I was at a trade fair in London last week where I was talking to some Scottish food producers. They were the sort of smoked salmon and shortbread purveyors that Alex Salmond would doubtless draw on for some of the Braveheart rhetoric which has been fuelling the ‘Yes’ campaign.
As you can imagine I asked them their opinion of the independence debate, and I don’t suppose it was the first time any of them had been questioned on this particular topic over the course of the three day event. In fact, a couple looked as though they’d got their answers well-rehearsed.

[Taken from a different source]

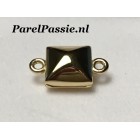 Magneetslot voor armband zilver verguld 10mm vierkant JKa 925  stevig  y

But what surprised me is that they all said they were voting no. In truth, they didn’t seem to be voting that way as praying for such an outcome. One woman told me that she wanted the result for her son, “because otherwise by the time he grows up we’ll have nothing.” This was particularly significant because she came from Aberdeen, which is usually regarded as a stronghold for the SNP and therefore the independence movement.
I want Scotland to stay in the United Kingdom, because I think the union is better together than as separate parts. However there is one area of the UK that I would happily see become independent.
It’s a city that has little in common with the rest of the country. Its hyper-inflationary house prices have distorted the national market and threaten other areas of the country as its residents find themselves unable to afford to live there.
It’s a city where nothing of any great worth is manufactured, but whose wealth is built by money being moved between its financial institutions, who themselves can act with impunity, knowing that the government is unable or unwilling to legislate against its unethical practices. It thrives as a result of undeserved bonuses paid to bankers and criminally lax tax regulations more suited to a Caribbean island.
And as its excesses go unchecked, so inequality grows. The richest 1% of the population takes a three times greater proportion of the national income than it did a generation ago. A recent EU survey revealed that nine of the ten poorest regions of northern Europe are in Britain. The richest is London, home to more billionaires than any other city in the world.
And as London becomes increasingly powerful, so the cost of living will rise for those of us sucked into its sphere of influence. It won’t be long before Birmingham becomes a commuter suburb of the south-east, with a cost of living to match.
The government defends this situation by saying that if it were changed, if bankers weren’t allowed to flaunt their wealth and billionaires had to pay their fair share, they would move abroad. In that case, fine. Let them go. Or even better let them stay where they are and the rest of us can move away from them and their bloated, corrupt city-state.
Let London be the city where people who contribute nothing can flaunt their wealth to each other and the rest of us can get on with rewarding those in greater need, with a government whose concern is for the entire nation rather than providing assistance for those who need it least. Let doctors, nurses, teachers, live in a society where their earnings can give them the lifestyle they deserve and where the rest of us know that we can at least afford a roof over our heads.
In the words of that great seventies revolutionary Wolfie Smith, “Freedom for Tooting!”